License-based Privacy: Technical Aspects

This document explores a way of making privacy work better on the web, in a way that is understandable to users and that imposes constraints as minimal as possible on authors and implementers.

Background

Privacy has been a hot topic in the Device APIs and Policy WG due to the sensitive nature of the information that our work intends to expose. Notably, we discussed it rather extensively during the first day of our March 2010 meeting in Prague.

The approach we've decided to take is to break the problem down into smaller, hopefully more manageable pieces:

How to define APIs in such a way that they are “naturally” privacy-friendly

This is similar to writing APIs in such a way that they are security-friendly; you can't keep people from being stupid if they insist on it, but you can at least make it so that they can only be stupid on purpose. For instance, if you're designing an API to access the user's address book, don't just give blanket access to all the contacts database but rather make it so that only information that is strictly required for the requestor to operate is provided, and that the user gets to choose this information in an understandable manner.

Only require from user-agents what, if anything, they can realistically enforce

While sitting around a table in a committee meeting it is very easy to implement pretty much anything. You want ice cream from your browser? Trivial: “A user-agent MUST provide the user with ice cream upon request.” While it is disingenuous to pretend that browsers are not part of the solution to the privacy problem (they are, after all, user agents) it is all too easy to just dump the problem on them.
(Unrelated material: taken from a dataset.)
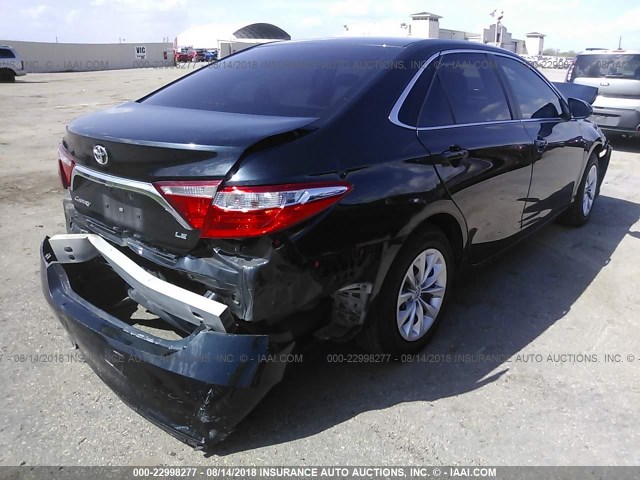 4T4BF1FK2FR498422 - 2015 TOYOTA CAMRY LE/XLE/SE/XSE Dark Blue photo 4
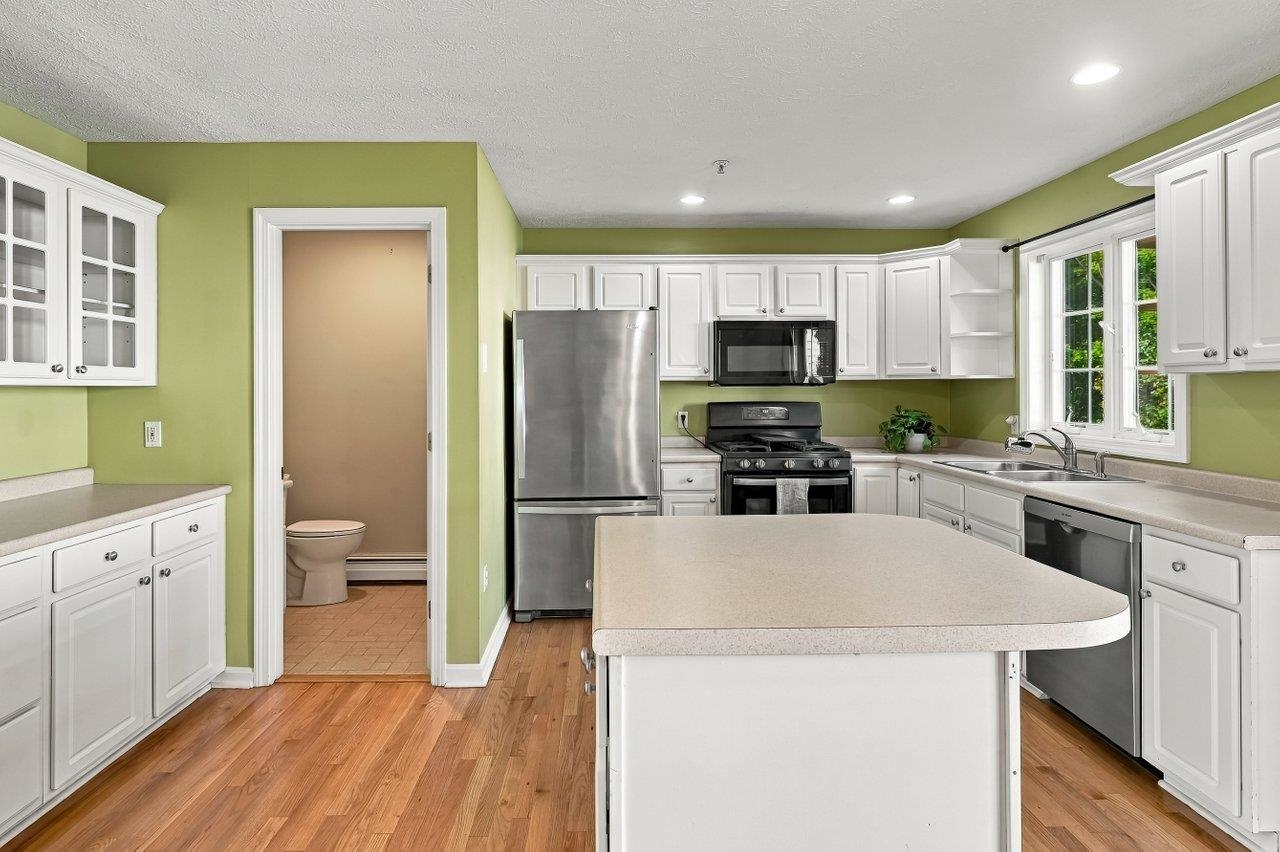204 Washington Street Property Photo 5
And given how slow browser churn is, any UA-based solution means a good decade will pass before the solution works.

Education & Outreach, similar to the accessibility efforts

WAI and the Web community at large have done a great job raising awareness about accessibility issues, and while we certainly do not live in a perfect world their effort has had a very measurable impact. There is therefore experience to be tapped in such an approach for the parts of the problem that depend on convincing people to do the right thing (which in some cases can be wide-ranging such as making script libraries support the solution directly, or various organisations enforce it internally).
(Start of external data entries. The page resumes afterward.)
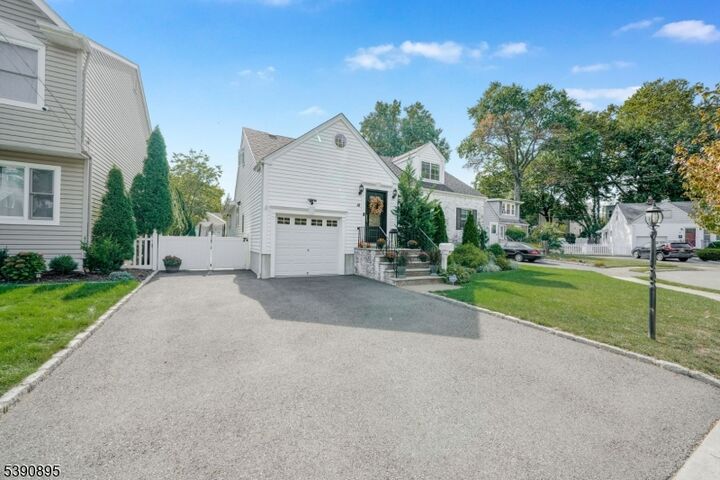 Property Photo: 41 Hetherington Rd NJ 07110
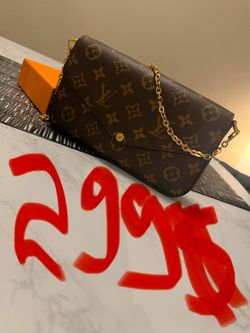 Louis Vuitton women’s hand bag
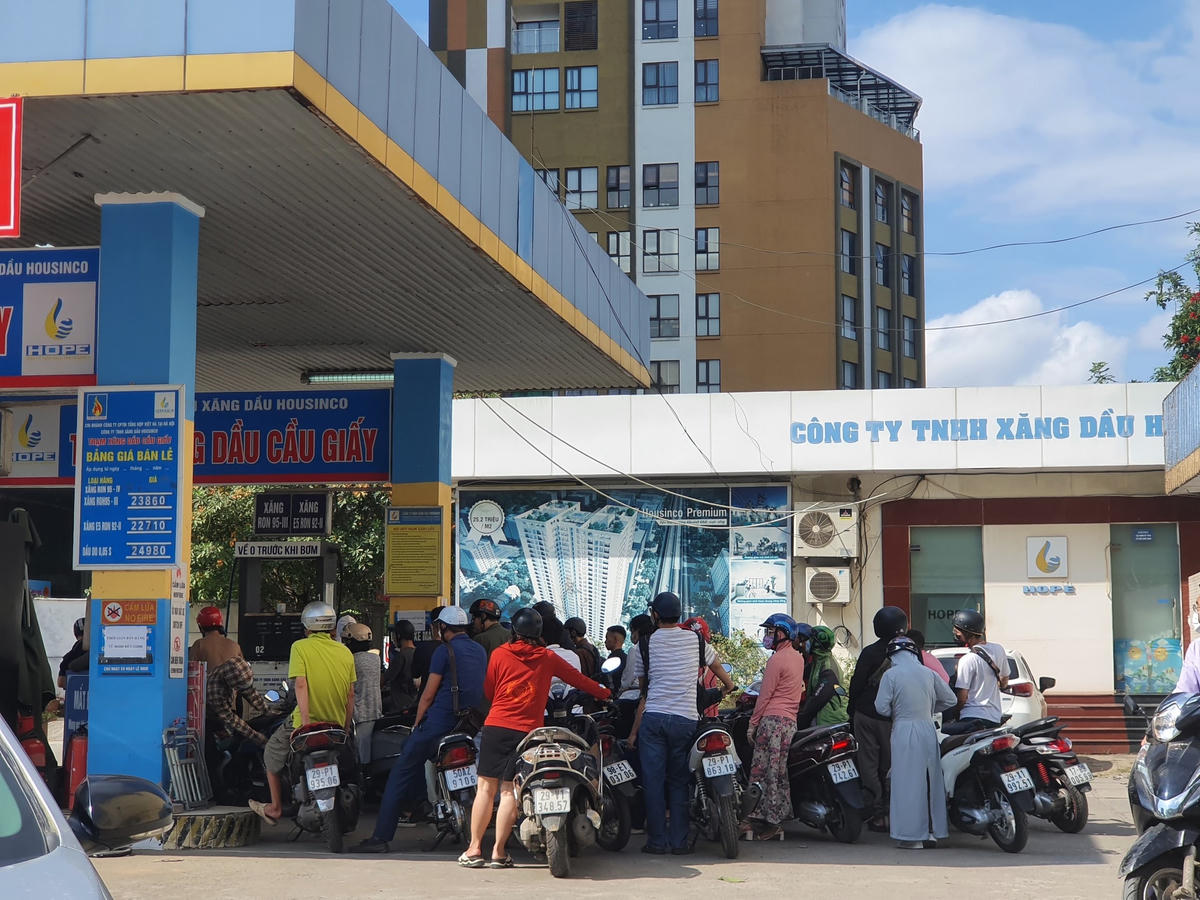 Ghi nhận của PV Đại Đoàn Kết Online ngày 17/11, hàng loạt cây xăng trên địa bàn Hà Nội đã "giảm nhiệt" rõ rệt. Không còn tình trạng người dân rồng rắn xếp hàng mua xăng.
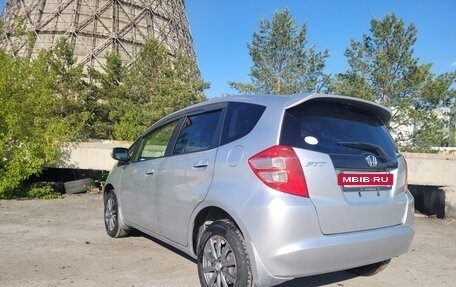 Honda Fit III, 2010 год, 810 000 рублей, 5 фотография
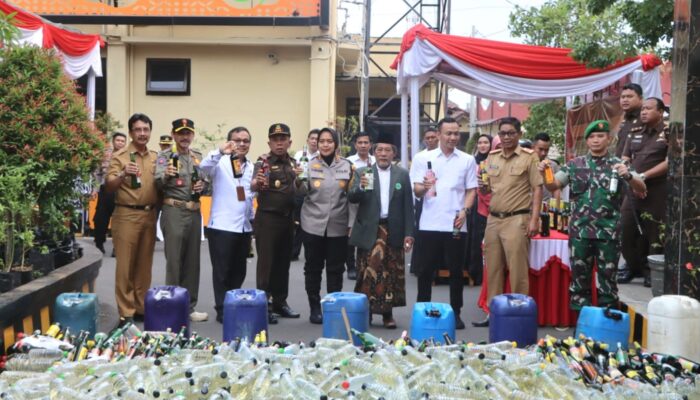 Miras Hasil KRYD dan Tipiring di Kabupaten Cirebon Dimusnahkan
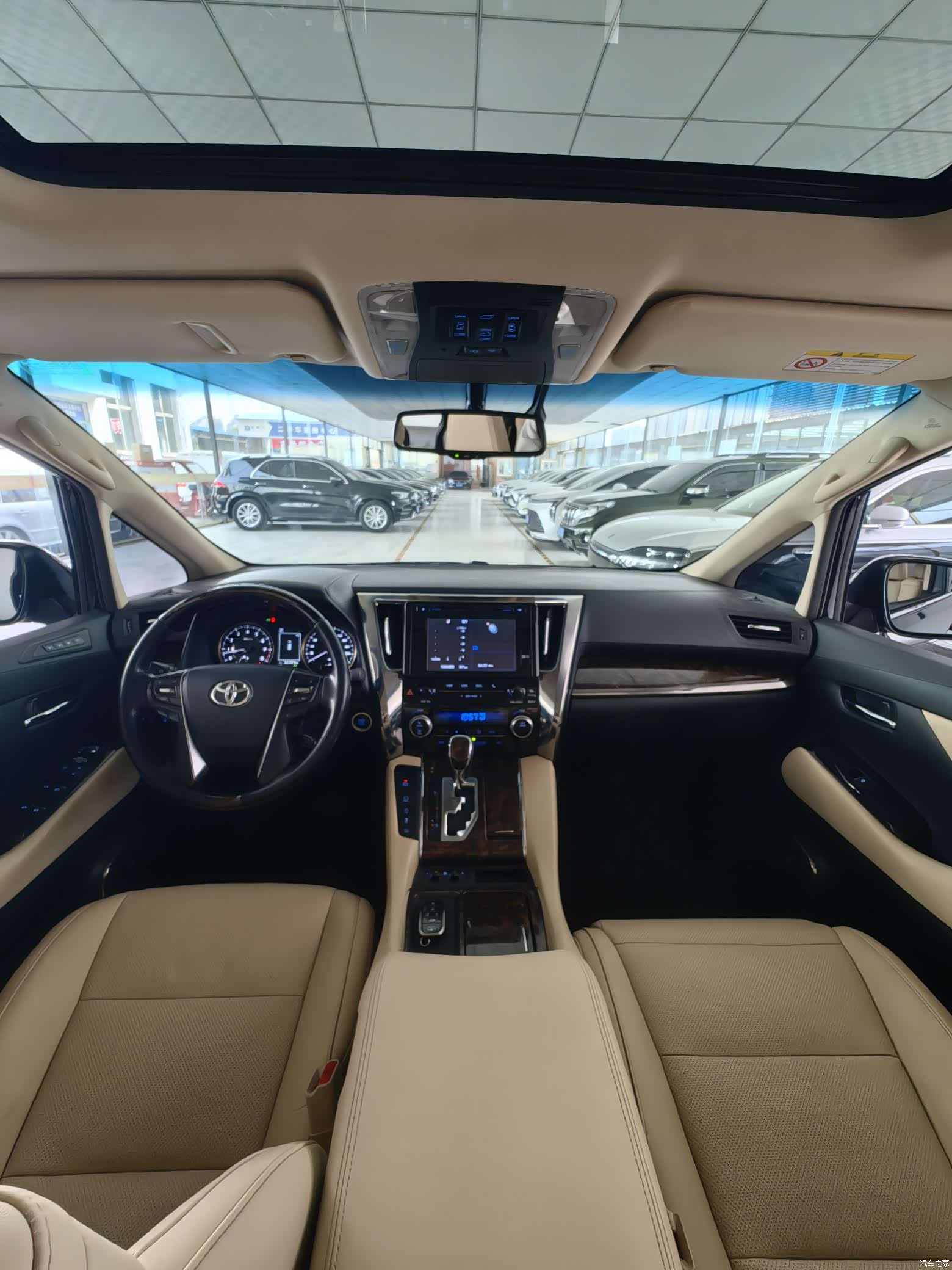 Toyota Alphard, 2018 10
A License Approach to Privacy

This is the part that is explored in this document. During the F2F, I floated the idea that privacy could be (at least in part) treated as a licensing issue. When you get content from someone, you get it under a license; so when you give your data to someone, couldn't it be provided under similar terms?

Starting from there, the next step is pretty obvious: could we have a simple, limited, easily explained vocabulary in a vein similar to Creative Commons? What's great with throwing ideas against the wall early in the morning without knowing whether they might be good or if they are alcohol induced, is that one often finds out that other people have had that idea before. This is very reassuring because it entails that either you've had a good idea, which is cause for celebration, or you've found new drinking buddies. The devil is, of course, in the details.

Licensing Information

There are many aspects that can be listed when it comes to what actions one may consider acceptable or not with given personal information. My goal is not to get into this discussion here; I will limit myself to noting that all proposals that I have seen so far still seem too complex to be comprehended.

For the purpose of having concrete content to use in the examples below I devised a rather simple privacy licensing scheme intended primarily to be readable. Most notably I completely gloss over legal issues that vary across locales (e.g. in French law it's illegal not to make it possible for someone to update data concerning them). There are two actions that a service may take with one's data — retention and redistribution — and a modifier on both which is whether it will be in aggregate or not.

retention: Whether the service will keep your data around. This has three values: no (nr) which means that the data gets thrown away when your interaction session stops, short term (sr) which means that the service keeps the data for a limited time, and permanent (pr) which means that it will never forget it (or perhaps only in specific cases, such as account deletion).
redistribution: A simple boolean (red) indicating whether the information may be provided to third-parties whoever they are. Cases in which a service is forced to redistribute information (being held-up at gunpoint, being forced by a legal search, etc.) do not count as redistribution.
aggregate: Describes cases in which data is used but only in an aggregate manner. Your information is there but it cannot be traced back to you. An a is added to either of the previous tokens.

This yields a small set of simple codes. If you keep my data for three months, and show the anonymous countries from which your users come from on a publicly accessible map: sr-reda. If you want my name to generate anagrams but don't keep it: nr. If you're keeping my birthdate permanently but only using it to wish me a happy birthday: pr. If you're gathering my email address to sell it to spammers at every occasion: pr-red. If you're keeping a permanent, internal track of your users' first names: pra.

Implementation Options

This section lists all the various implementations options that can be thought of. This is just a first draft containing the ideas that I can think of off the top of my head. It is not complete. I have deliberately not filtered out anything.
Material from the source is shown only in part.